A prevalent challenge in particulate photocatalytic water splitting lies in the fact that while numerous photocatalysts exhibit outstanding hydrogen evolution reaction (HER) activity in organic sacrificial reagents, their performance diminishes markedly in a Z-scheme water splitting system using electronic mediators. This underlying reason remains undefined, posing a long-standing issue in photocatalytic water splitting. Herein, we unveiled that the primary reason for the decreased HER activity in electronic mediators is due to the strong adsorption of shuttle ions on cocatalyst surfaces, which inhibits the initial proton reduction and results in a severe backward reaction of the oxidized shuttle ions. To address this, taking typical visible-light-responsive photocatalysts, BaTaO₂N and SrTiO₃:Rh, as examples, we have developed a strategy via selective surface modification of metal cocatalysts (such as Pt, Ru) with chromium oxide species (CrO_x) to prevent the adsorption of shuttle ions.

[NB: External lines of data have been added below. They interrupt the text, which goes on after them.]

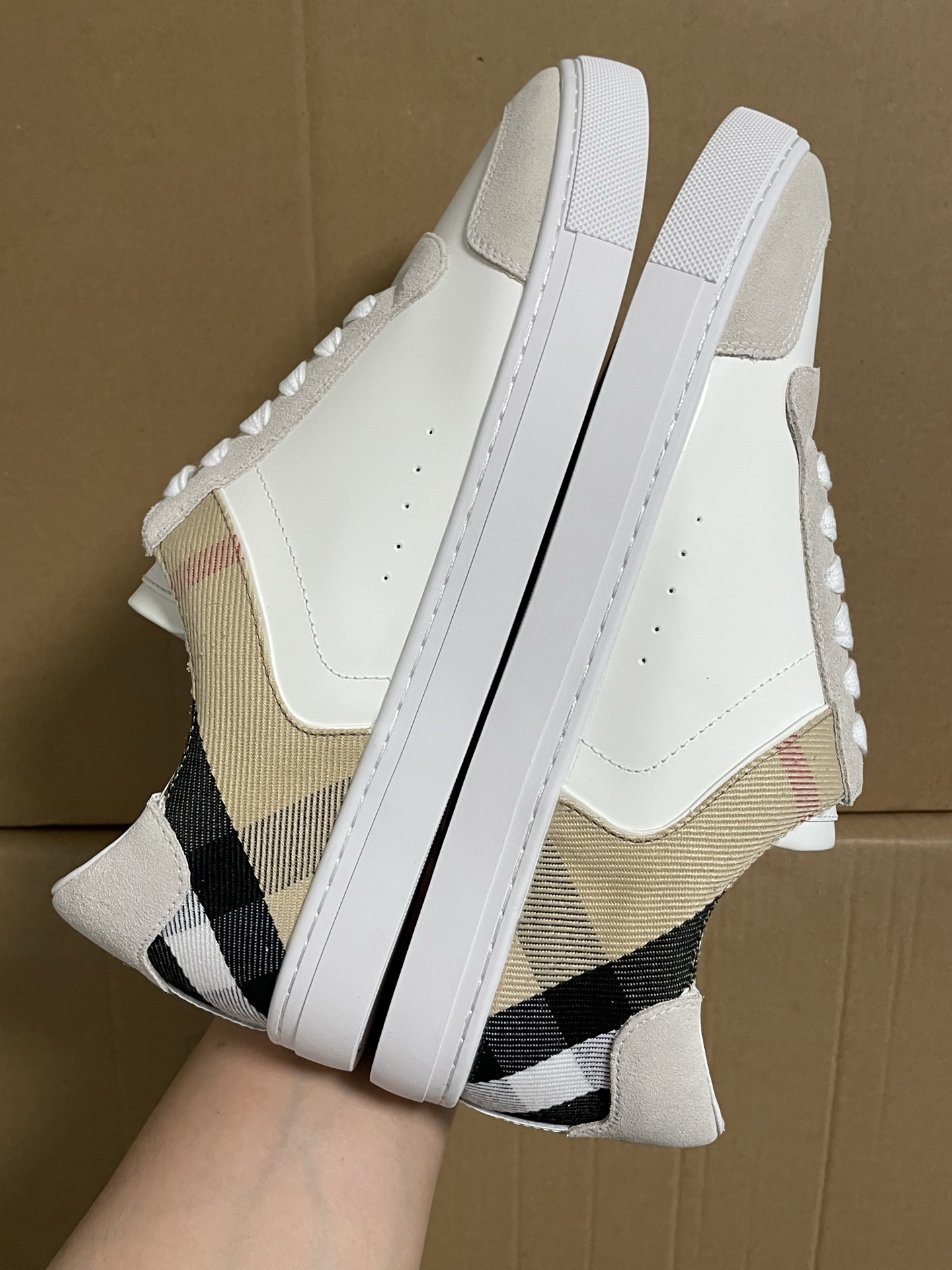 Burberry House Series Checkered Patchwork Leather Casual Sneakers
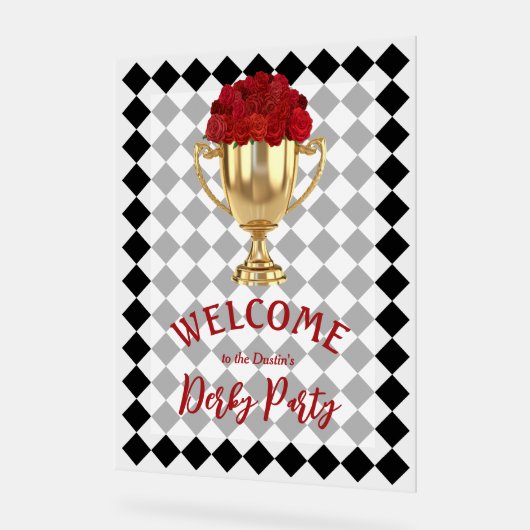 Derby Day Trophy en Rozen welkom Acryl Bord (Hoek)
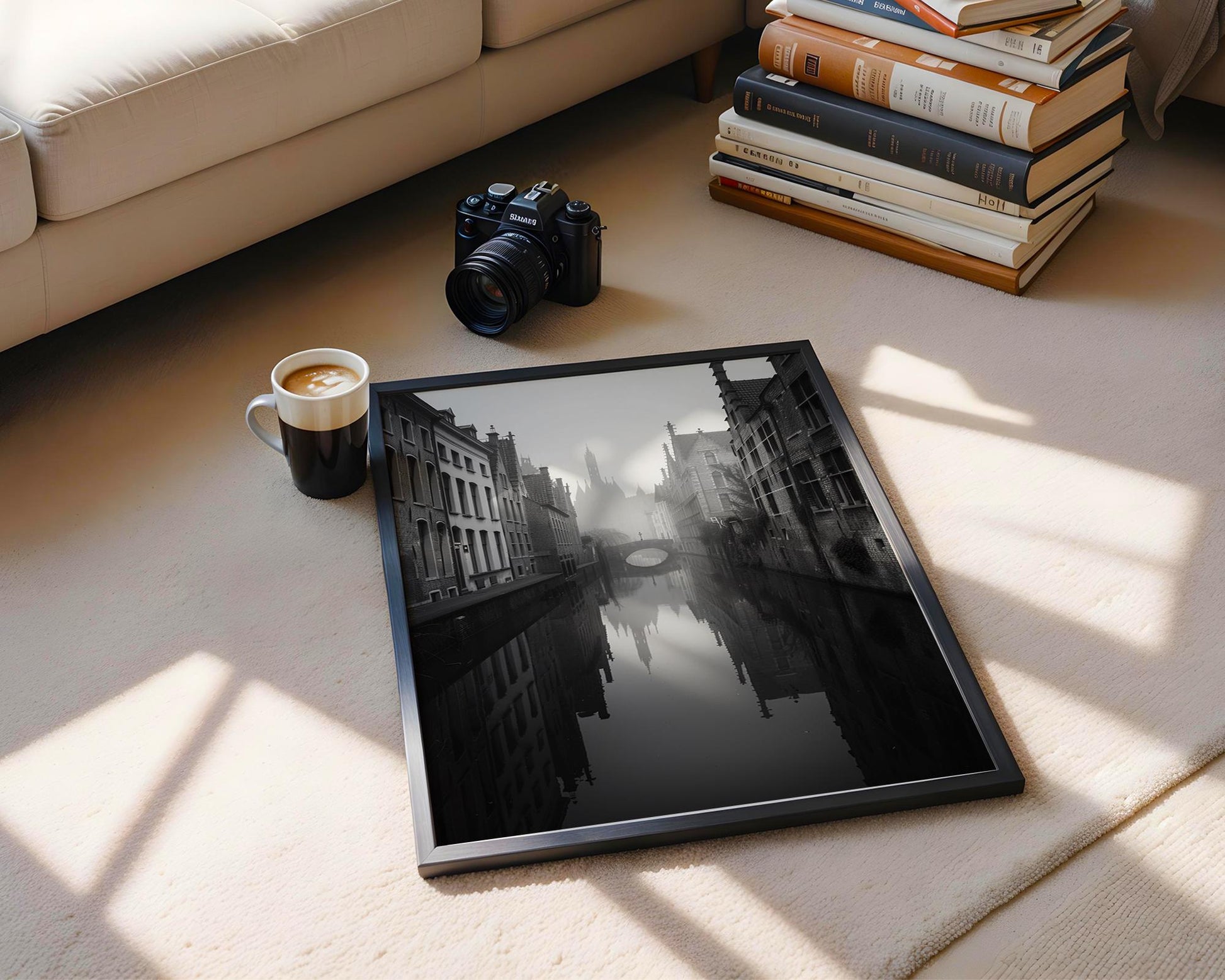 World Landmark | Bruges Belgium Print | Gothic Black & White Architecture Wall Art wall art print, black and white architectural poster, minimalist modern Scandinavian wall decor, Monohaus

It is demonstrated that the photocatalytic HER activities of BaTaO₂N and SrTiO₃:Rh can be improved by one to two orders of magnitude in diverse shuttle ions. The introduced CrO_x substantially weakens the interaction between the metal cocatalysts and shuttle ions, promotes proton adsorption for the HER reaction, and also suppresses the backward reaction between shuttle ions. Owing to the improved HER activity, the photocatalytic performance of Z-scheme water splitting is significantly enhanced, providing a feasible strategy for constructing efficient Z-scheme systems in heterogeneous photocatalysis.